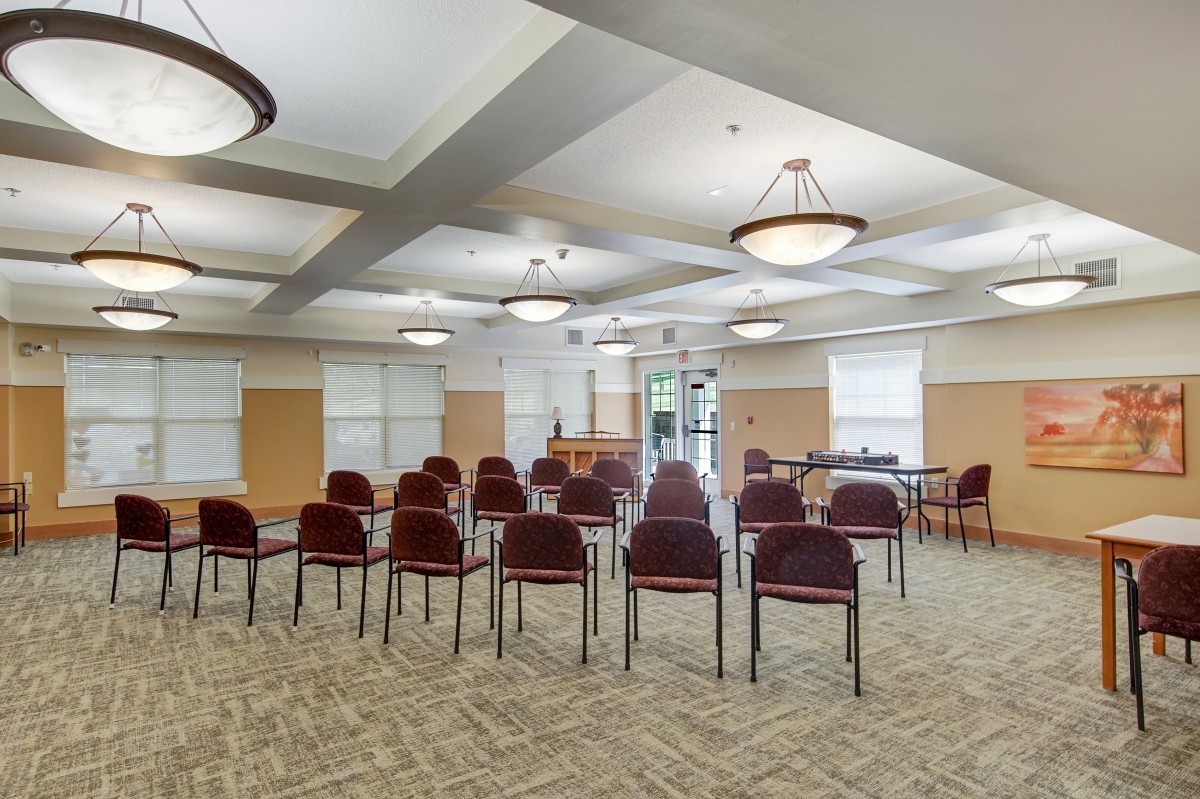 An empty conference room setup with rows of chairs and ceiling lights.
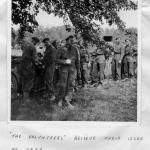 "Volunteers receive their issue of beer"  near Le Mesnil, August 1944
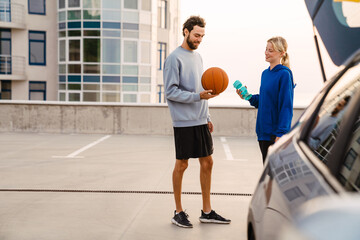 Wall Mural - Young man and woman smiling and talking during workout on parking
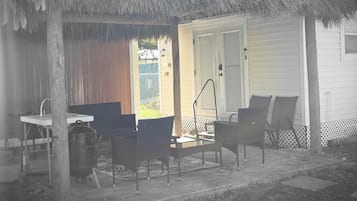 Un área de estar al aire libre techada con mesa y sillas, una parrilla y un techo de paja.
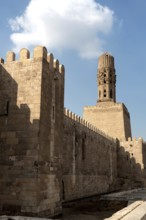 Cairo, Egypt, November 26th 2022 Minaret of the Al Hakim Mosque with the fortified defensive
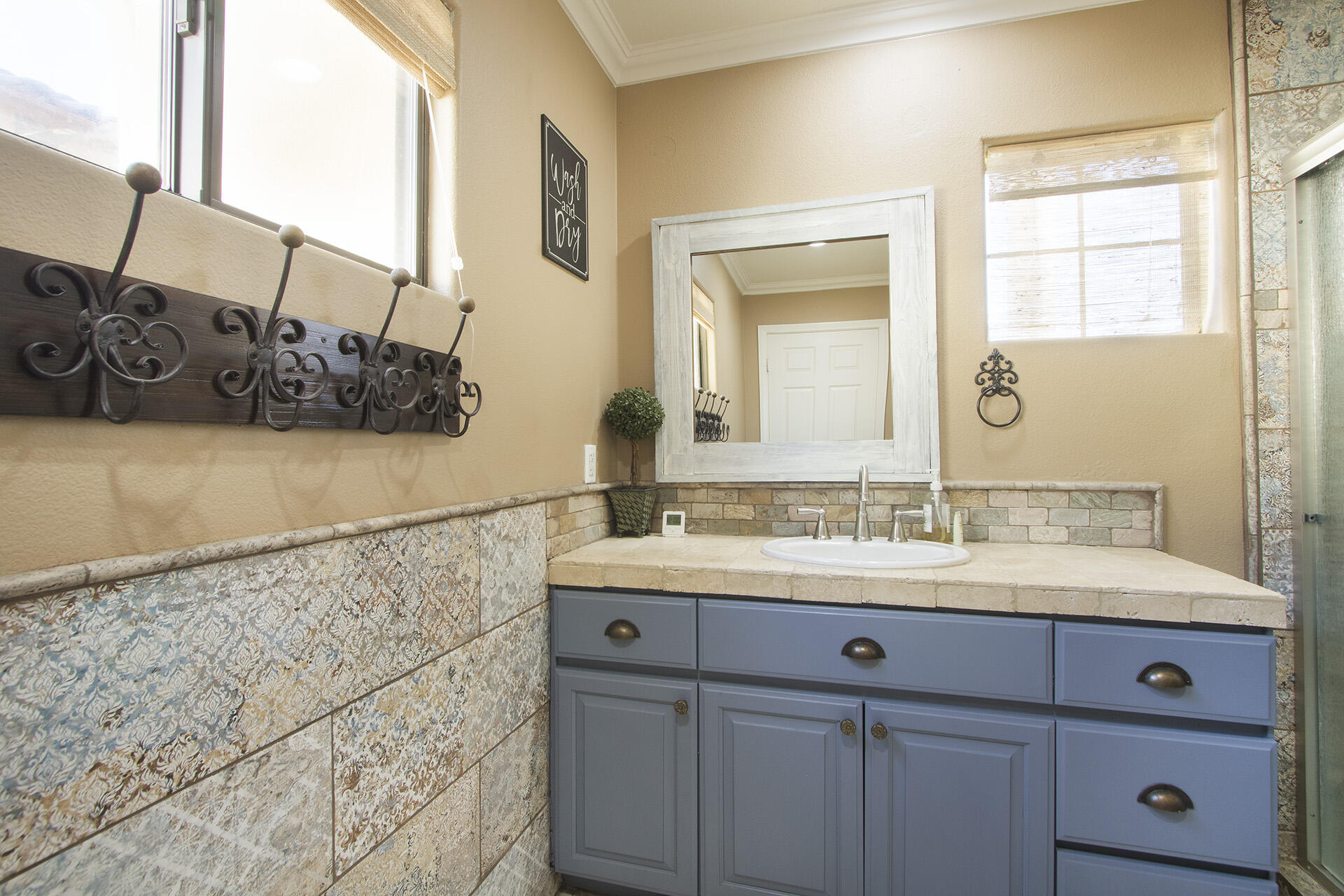 57669 Santa Rosa Trail La Quinta, CA 92253 - Photo 50 of 59 a bathroom with a sink and a mirror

-------

Here the job is to quote the lines from the one with "Mesnil, August 1944" through the end of the material, both included, exactly; please skip the pictures.

Task output:
 "Volunteers receive their issue of beer"  near Le Mesnil, August 1944
 Wall Mural - Young man and woman smiling and talking during workout on parking
 Un área de estar al aire libre techada con mesa y sillas, una parrilla y un techo de paja.
 Cairo, Egypt, November 26th 2022 Minaret of the Al Hakim Mosque with the fortified defensive
 57669 Santa Rosa Trail La Quinta, CA 92253 - Photo 50 of 59 a bathroom with a sink and a mirror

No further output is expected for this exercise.